-- Opening Marker --

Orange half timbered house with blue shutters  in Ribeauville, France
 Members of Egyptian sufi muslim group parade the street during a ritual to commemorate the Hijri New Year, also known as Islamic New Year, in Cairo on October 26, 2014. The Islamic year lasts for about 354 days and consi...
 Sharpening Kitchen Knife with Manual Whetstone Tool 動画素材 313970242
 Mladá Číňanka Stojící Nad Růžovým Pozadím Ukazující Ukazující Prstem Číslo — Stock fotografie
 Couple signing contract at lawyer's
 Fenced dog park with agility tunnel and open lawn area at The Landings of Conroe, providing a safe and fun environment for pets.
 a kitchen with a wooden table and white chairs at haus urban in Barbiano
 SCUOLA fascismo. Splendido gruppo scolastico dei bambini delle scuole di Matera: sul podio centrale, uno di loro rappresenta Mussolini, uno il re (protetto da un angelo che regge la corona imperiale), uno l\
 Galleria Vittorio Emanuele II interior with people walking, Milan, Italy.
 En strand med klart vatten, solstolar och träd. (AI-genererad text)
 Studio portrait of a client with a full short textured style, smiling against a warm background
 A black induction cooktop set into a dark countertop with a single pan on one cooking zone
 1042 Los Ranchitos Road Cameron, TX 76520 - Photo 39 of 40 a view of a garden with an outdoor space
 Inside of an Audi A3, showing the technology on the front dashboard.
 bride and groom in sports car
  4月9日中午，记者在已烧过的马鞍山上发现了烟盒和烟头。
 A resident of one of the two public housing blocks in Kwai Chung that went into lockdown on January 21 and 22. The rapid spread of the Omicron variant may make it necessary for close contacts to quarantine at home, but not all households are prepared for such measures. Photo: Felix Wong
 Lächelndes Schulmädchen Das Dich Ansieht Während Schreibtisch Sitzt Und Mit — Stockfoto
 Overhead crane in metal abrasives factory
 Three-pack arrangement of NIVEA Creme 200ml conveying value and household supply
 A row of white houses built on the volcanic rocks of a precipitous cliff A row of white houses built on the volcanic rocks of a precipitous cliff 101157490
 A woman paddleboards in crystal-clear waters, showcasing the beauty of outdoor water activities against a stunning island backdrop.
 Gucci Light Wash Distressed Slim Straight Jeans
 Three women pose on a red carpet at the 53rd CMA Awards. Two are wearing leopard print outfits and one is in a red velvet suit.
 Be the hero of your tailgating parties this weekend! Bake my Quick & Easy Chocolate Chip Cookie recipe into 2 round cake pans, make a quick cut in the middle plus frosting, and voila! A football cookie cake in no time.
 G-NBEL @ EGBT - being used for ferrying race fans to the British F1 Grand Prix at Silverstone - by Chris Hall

-- Closing Marker --

### ASSIGNMENT
Copy nothing beyond the line containing "Sharpening Kitchen Knife". Transcribe exactly from the first line of the entries down to that line, inclusive.

### EXERCISE RESULT
Orange half timbered house with blue shutters  in Ribeauville, France
 Members of Egyptian sufi muslim group parade the street during a ritual to commemorate the Hijri New Year, also known as Islamic New Year, in Cairo on October 26, 2014. The Islamic year lasts for about 354 days and consi...
 Sharpening Kitchen Knife with Manual Whetstone Tool 動画素材 313970242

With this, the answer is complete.